Karl Nolle, MdL

Berliner Zeitung, 12.09.2004

Gute Investitionen, schlechte Investitionen

AUFBAU-OST - Sachsens Wirtschaft boomt, in Brandenburg lässt der Aufschwung weiter auf sich warten. Warum manche Regionen blühen und in anderen nur Palmen wachsen, wo einst Luftschiffe aufsteigen sollten.
 
BERLIN, 12. September. Wenn in Ostdeutschland neue Fabriken eröffnet oder Großinvestitionen gefeiert werden - dann reisen die Spitzenpolitiker der Bundesregierung in der Regel gen Süden. Nach Sachsen vor allem. Dort hat Bundesumweltminister Jürgen Trittin (Bündnis90/Grüne) erst Mitte vergangener Woche in Espenhain das weltgrößte Solarkraftwerk eröffnet. Im Mai feierte Bundeskanzler Gerhard Schröder (SPD) im modernen Volkswagenwerk bei Zwickau 100 Jahre Automobilbau in der sächsischen Region. Neben VW bauen auch BMW und Porsche neue Autofabriken in Sachsen. Und schon bald wird der US-Chiphersteller AMD sein zweites Werk in Dresden eröffnen und tausend neue Arbeitsplätze schaffen. Damit hat Sachsens Metropole den Aufstieg zu Europas Chip-Hauptstadt geschafft.
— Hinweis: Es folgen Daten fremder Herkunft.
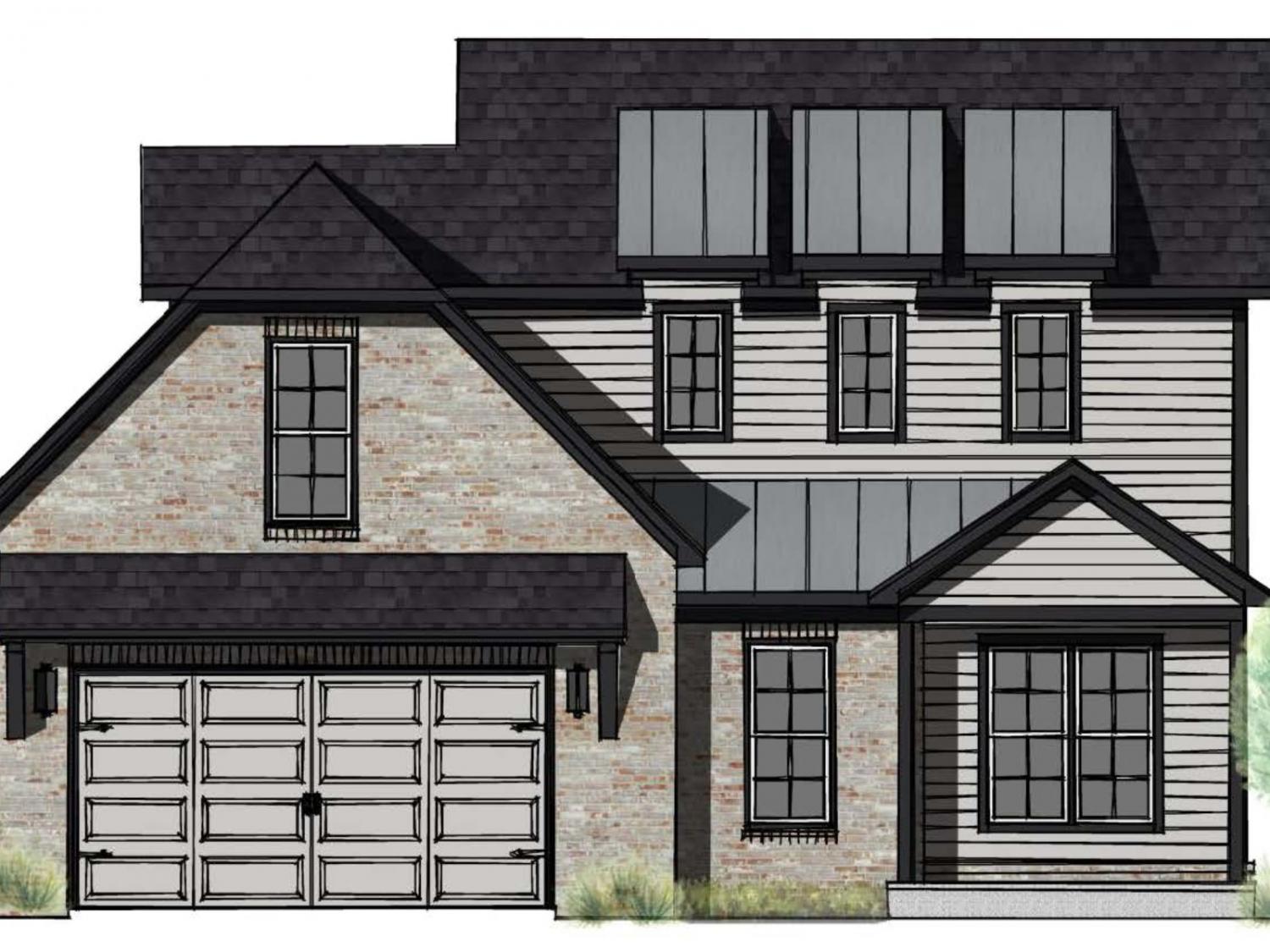 6907-Wayana-Drive For Sale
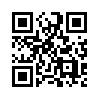 QR kód na túto stránku https://poi.oma.sk/n3843493272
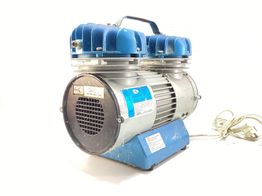 compresor sagola 780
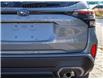 2026 Subaru Forester Limited (Stk: 18-SR184) in Ottawa - Image 33 of 34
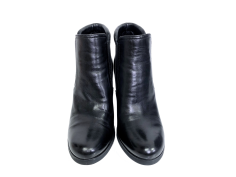 Botines PRADA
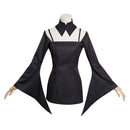 My Dress-Up Darling Marin Kitagawa Dress Outfits Halloween Carnival Suit Cosplay Costume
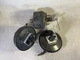 2018 Mercedes-Benz GLC Class Power Brake Booster OEM 68K Miles - LKQ399879460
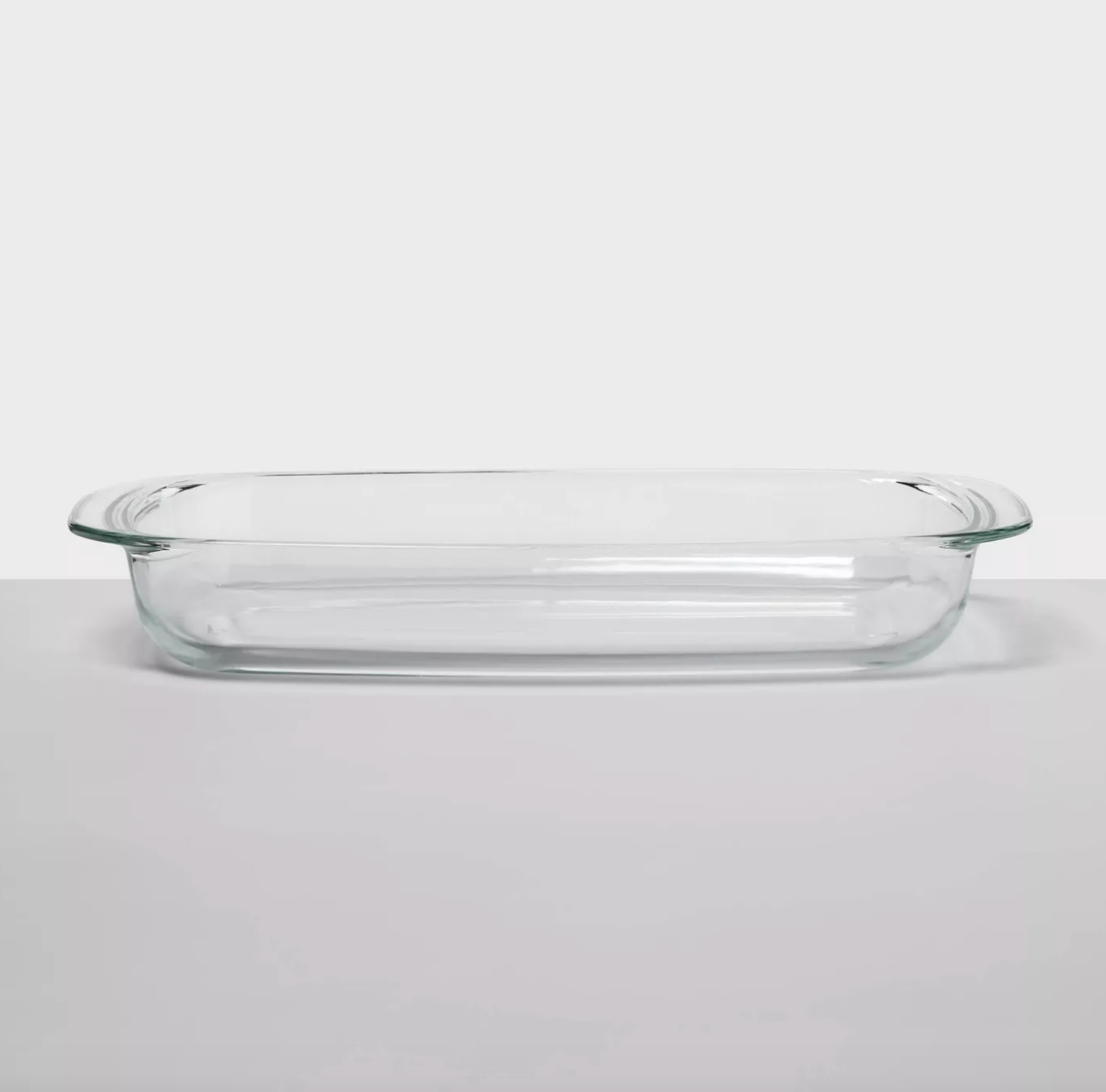 Easy Recipe: Delicious 9 X 12 Glass Baking Dish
"Wir brauchen den Vergleich mit dem Westen nicht mehr zu scheuen", sagt Sachsens Wirtschaftsminister Martin Gillo (CDU) der Berliner Zeitung. Allein in der Mikroelektronik beschäftige Sachsen heute 20 000 Menschen in 500 Unternehmen. In der Automobilbranche zählt der Freistaat gar 60 000 Beschäftigte in rund 450 Firmen. Mit dem Maschinenbau - vor allem in Chemnitz zu Hause - baut das Land derzeit ein drittes großes Wirtschaftsstandbein auf. "Der Maschinenbau in Chemnitz läuft und brummt", sagt Gillo. Rund 30 000 Mitarbeiter zählt diese Branche bereits.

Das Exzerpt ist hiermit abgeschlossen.